4. **Update perf log**: record new timing breakdowns and wall time in
`/Users/sharif/Code/ldsc/docs/perf-log.md`.
Notes:
- The hash manifest is the source of truth for parity (not decimal rounding).
- If you need to regenerate the manifest (rare), do it once and document why.
## Known Hotspots
- `ab_dot` remains dominant (~90–94s).
- `r2u` time doubled after last change; investigate cache/loop ordering.

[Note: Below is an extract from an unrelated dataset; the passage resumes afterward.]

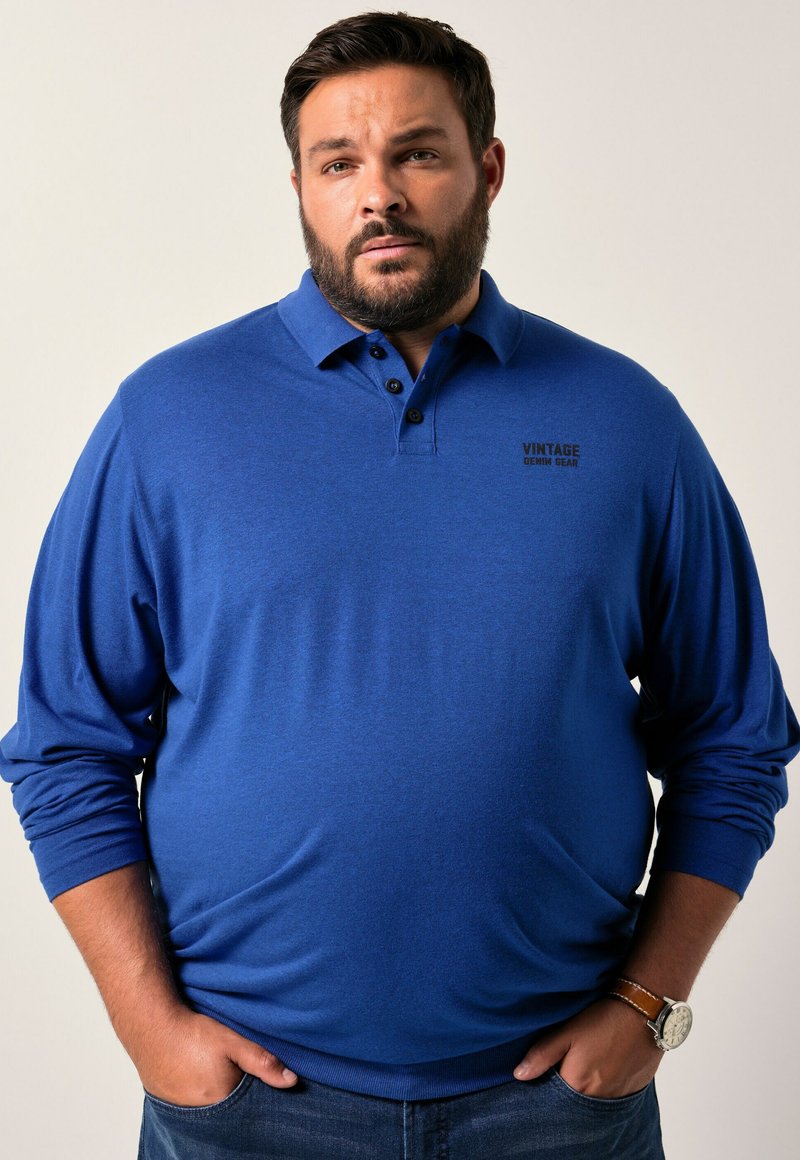 Mies, jolla on parta, pukeutuneena siniseen pitkähihapaitaan, jossa lukee "Vintage Denim Gear", kädet taskuissa ja rannekello vasemmassa ranteessa.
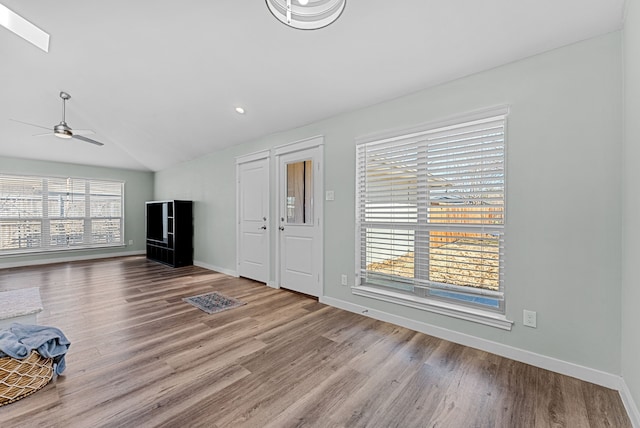 unfurnished living room featuring lofted ceiling, wood finished floors, a ceiling fan, and baseboards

## Next Ideas (not implemented)
- Optimize `r2u` loop (vectorized/in-place transform to reduce passes).
- Explore ring buffer layout to avoid extra copies and minimize `r2u` cache misses.
- Consider multi-threading only in `r2u` if matmul is forced single-threaded.